Es wird immer noch eine große 0,78-fache Vergrößerungsansicht projiziert, aber die Auflösung ist größer.

Der a7R III verwendet ein OLED-Panel mit 3,6 Millionen Punkten, wurde jedoch in diesem Modell auf ein Design mit 5,76 Millionen Punkten aktualisiert.

Es kann so eingestellt werden, dass es in Standard- oder hoher Qualität angezeigt wird, wobei letztere den Akku etwas stärker belastet, aber es fiel mir schwer, einen Unterschied zwischen den beiden Optionen zu bemerken.

Der EVF gehört zusammen mit dem ähnlichen Panel der Panasonic S1R zu den besten seiner Klasse.

Leistung und Konnektivität

Die Kamera wird von Sonys Akku der Z-Serie gespeist, der mit dem a9 eingeführt wurde und auch von a7-Modellen der dritten Generation verwendet wird.

Es handelt sich um eine bullige Zelle, die von CIPA für etwa 530 Aufnahmen bei Verwendung des EVF oder bis zu 670 Aufnahmen bei Verwendung des LCD bewertet wurde.

Für Videos verspricht Sony, dass der Akku eine kontinuierliche Aufnahmezeit von bis zu 170 Minuten bietet.

Ihr Kilometerstand hängt davon ab, wie Sie die Kamera verwenden.

Wenn Sie häufig den 10-fps-Burst-Modus verwenden, können Sie Tausende von Aufnahmen gegen eine Gebühr abwickeln.

Die Z-Batterie ist jetzt ein alter Hut und bietet eine ähnliche Lebensdauer in jedem Modell, in dem sie verwendet wurde.

Für viele Fotografen ist sie eine Ganztagesbatterie, obwohl Profis sicherlich eine Ersatzbatterie mitnehmen möchten.

Sie müssen einfach keine vier Ersatzteile mit sich führen, wie dies bei der unterlasteten W-Batterie der A7-Kameras der ersten und zweiten Generation der Fall war.

Der Akku wird in der Kamera über USB-C oder Micro-USB aufgeladen - das Gehäuse verfügt über beide Anschlüsse.
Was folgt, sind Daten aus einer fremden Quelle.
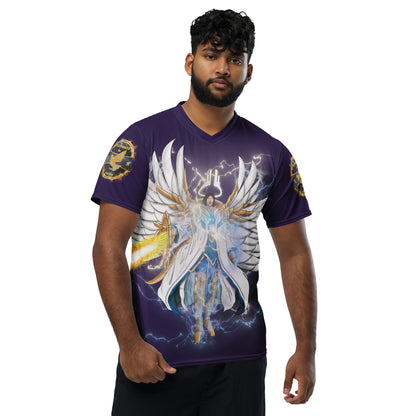 Arch Angel Michael & Lucifer Purple Color Recycled unisex sports jersey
Weitere Anschlüsse sind PC Sync für Studioblitz, 3,5-mm-Mikrofon- und Kopfhöreranschlüsse, Micro-HDMI-Ausgang und Sonys Multi-Interface-Blitzschuh.
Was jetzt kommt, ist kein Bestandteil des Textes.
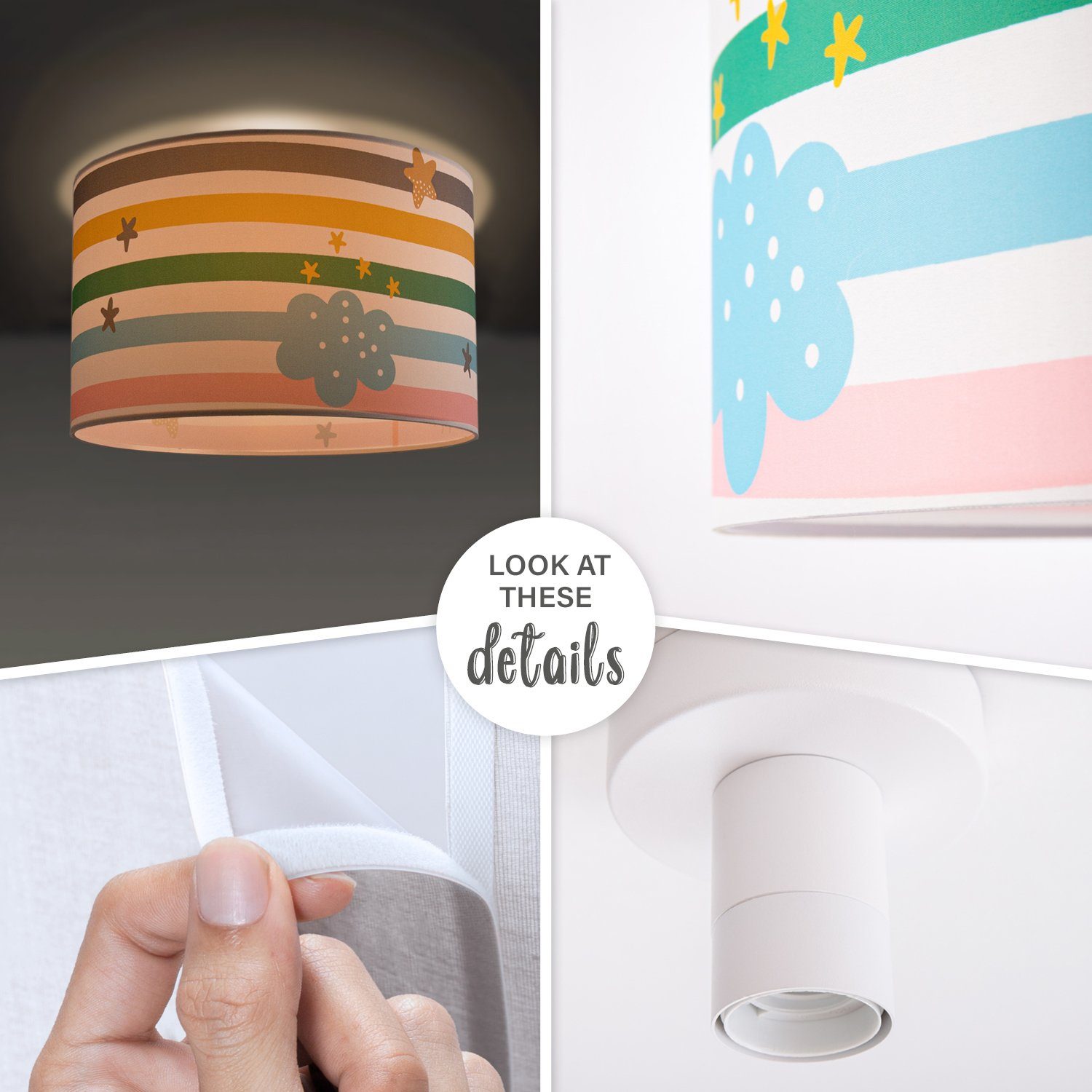 Paco Home Plafondlamp Tweet 462 Lamp kinderkamer babykamer plafondlamp strepen regenboog E27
Der Schuh ist ein etwas neues Design, das mit dem digitalen Mikrofon EC1-B1M für 350 US-Dollar zusammenarbeitet, um ein echtes digitales Audiosignal zu liefern.

Das Mikrofon ist mit älteren Sony-Kameras kompatibel, jedoch mit einem digitalen Signal, das zuerst in analog umgewandelt wird.

Wi-Fi und Bluetooth sind ebenfalls enthalten.

Sie arbeiten mit der Sony Imaging Edge-Software zusammen, einem kostenlosen Download für Android und iOS.

Sie können Bilder auf Ihr Telefon übertragen und in sozialen Medien veröffentlichen.

Außerdem können Sie Ihr Telefon als Fernbedienung verwenden.

Der a7R IV verfügt über zwei SDXC-Kartensteckplätze, die beide UHS-II-Geschwindigkeiten unterstützen.

Dies ist ein Upgrade von früheren Modellen der Serie, einschließlich des Pro A9, der nur einen schnellen UHS-II-Steckplatz bot, wobei der zweite Steckplatz auf UHS-I-Geschwindigkeiten beschränkt war.